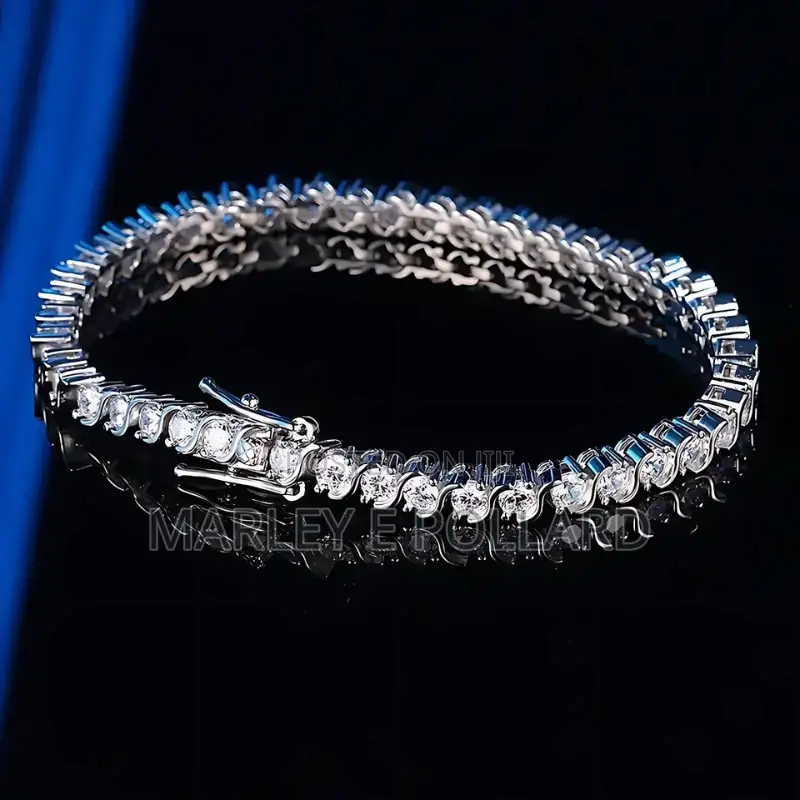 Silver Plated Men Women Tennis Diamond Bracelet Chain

---

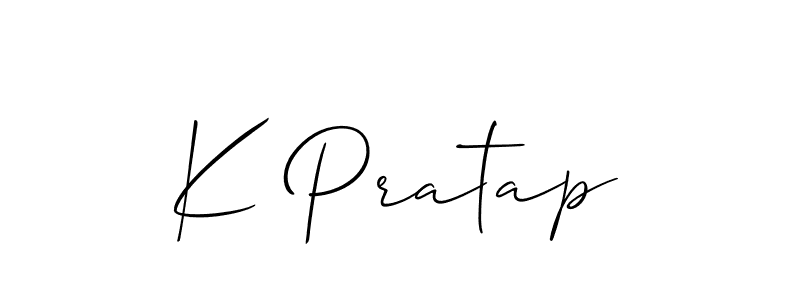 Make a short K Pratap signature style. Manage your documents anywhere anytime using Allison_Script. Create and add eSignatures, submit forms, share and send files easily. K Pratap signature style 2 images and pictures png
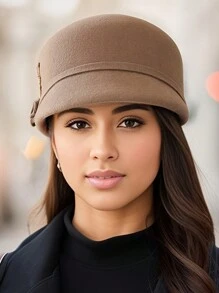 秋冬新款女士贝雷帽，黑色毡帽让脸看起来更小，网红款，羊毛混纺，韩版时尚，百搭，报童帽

• [Work to complete]: Retype, exactly and with no pictures, everything above from the line with "Make a short" down to the line with "秋冬新款女士贝雷帽，黑色毡帽", both included.

• [Written answer]:
 Make a short K Pratap signature style. Manage your documents anywhere anytime using Allison_Script. Create and add eSignatures, submit forms, share and send files easily. K Pratap signature style 2 images and pictures png
 秋冬新款女士贝雷帽，黑色毡帽让脸看起来更小，网红款，羊毛混纺，韩版时尚，百搭，报童帽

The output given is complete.